▶ **AIM OF THE EXERCISE**:
Among the records below, find the line with "Unfinished Wood Winter" and the line with "Men's Sport Classic Trim Crew Neck T-Shirt". Set down both and every line between, exactly and with no pictures, but nothing else.
─── SUPPLIED RECORDS ───
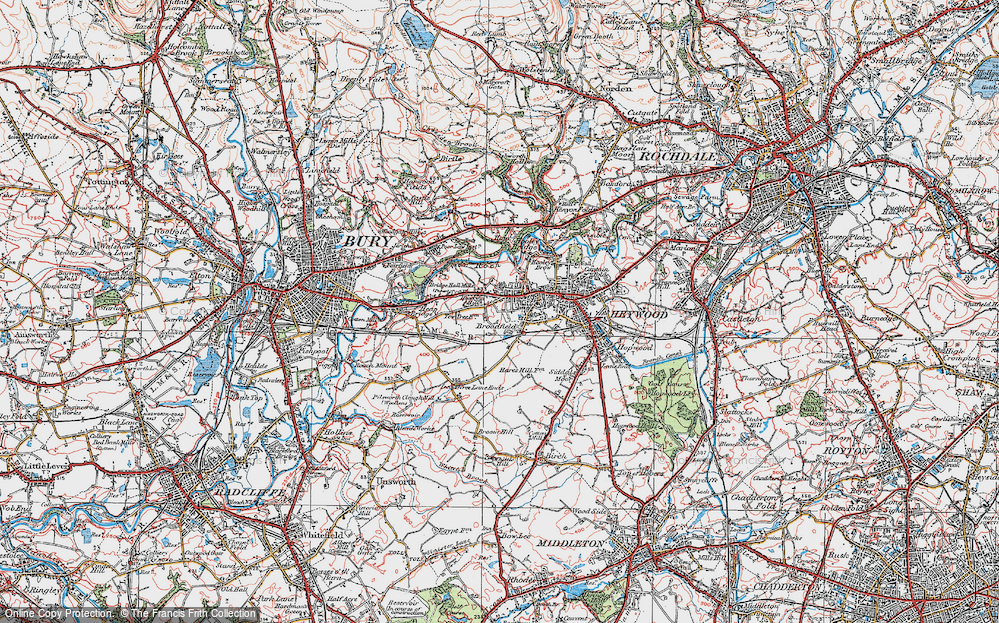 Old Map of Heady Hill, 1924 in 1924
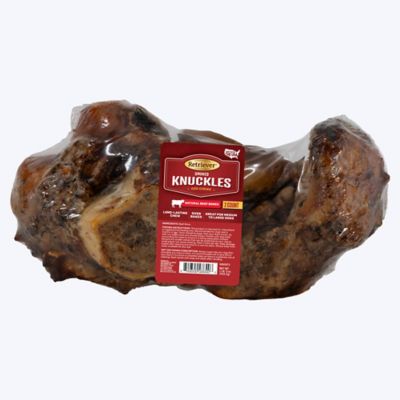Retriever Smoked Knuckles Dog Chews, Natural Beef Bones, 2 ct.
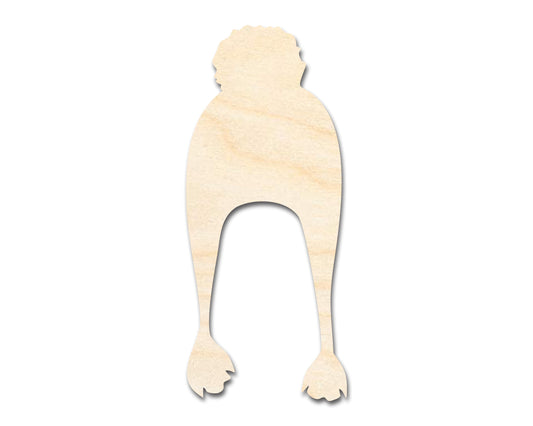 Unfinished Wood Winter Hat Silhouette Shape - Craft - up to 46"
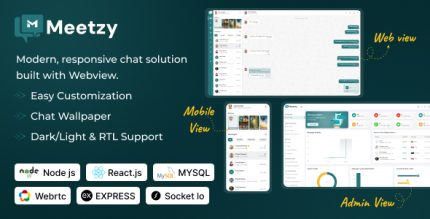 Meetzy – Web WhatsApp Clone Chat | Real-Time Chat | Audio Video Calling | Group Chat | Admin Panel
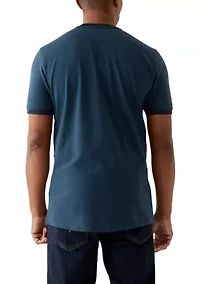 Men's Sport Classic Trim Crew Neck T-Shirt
───
─── SUPPLIED RECORDS ───
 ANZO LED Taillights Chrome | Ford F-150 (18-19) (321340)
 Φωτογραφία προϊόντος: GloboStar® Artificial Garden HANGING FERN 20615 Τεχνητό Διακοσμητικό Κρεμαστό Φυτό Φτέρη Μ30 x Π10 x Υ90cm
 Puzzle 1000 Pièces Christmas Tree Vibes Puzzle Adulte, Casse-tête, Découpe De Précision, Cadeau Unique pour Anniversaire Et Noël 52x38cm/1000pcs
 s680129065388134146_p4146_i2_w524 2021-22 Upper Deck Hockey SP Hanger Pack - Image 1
───
─── SUPPLIED RECORDS ───
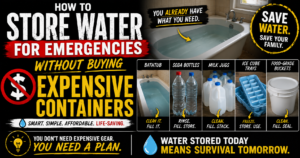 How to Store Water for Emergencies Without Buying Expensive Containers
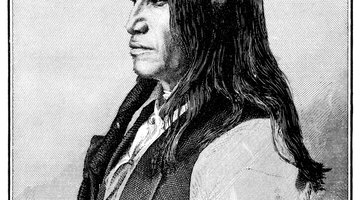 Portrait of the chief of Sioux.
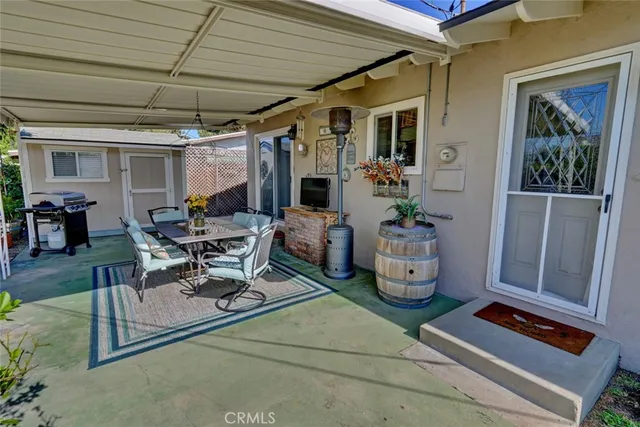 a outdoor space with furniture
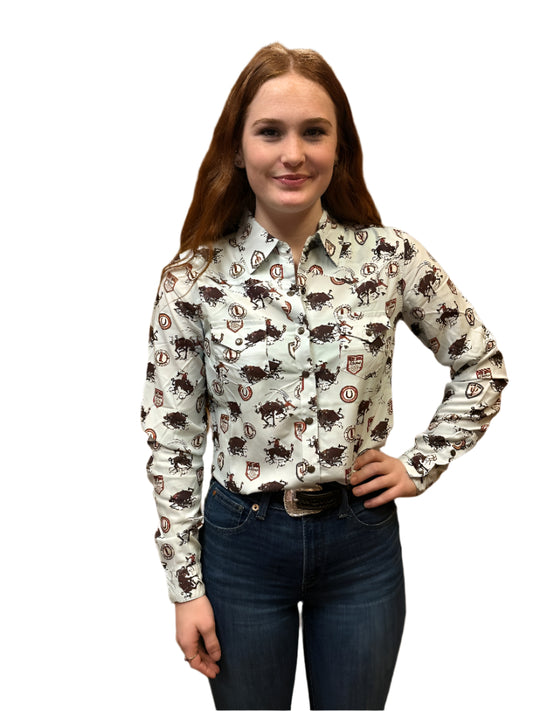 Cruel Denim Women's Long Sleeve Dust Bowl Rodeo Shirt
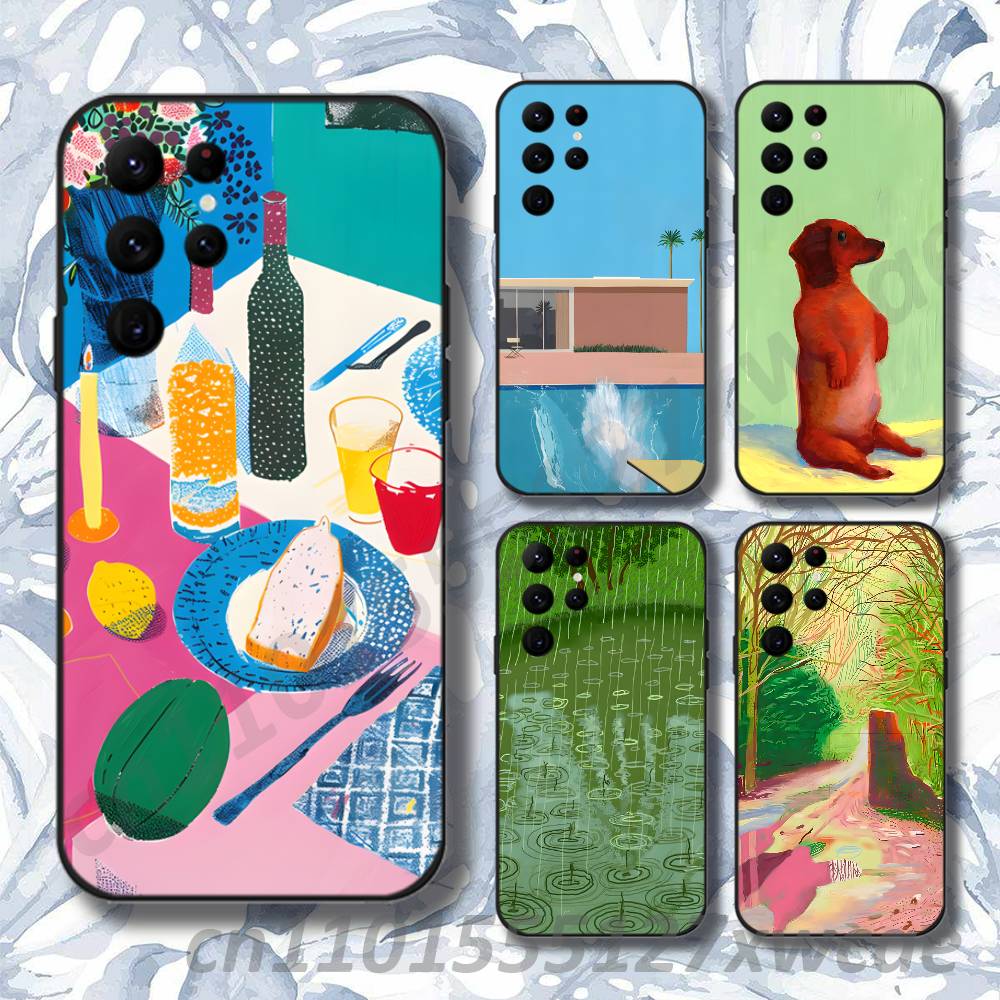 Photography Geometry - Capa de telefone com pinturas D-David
───
▶ **TASK OUTPUT**:
 Unfinished Wood Winter Hat Silhouette Shape - Craft - up to 46"
 Meetzy – Web WhatsApp Clone Chat | Real-Time Chat | Audio Video Calling | Group Chat | Admin Panel
 Men's Sport Classic Trim Crew Neck T-Shirt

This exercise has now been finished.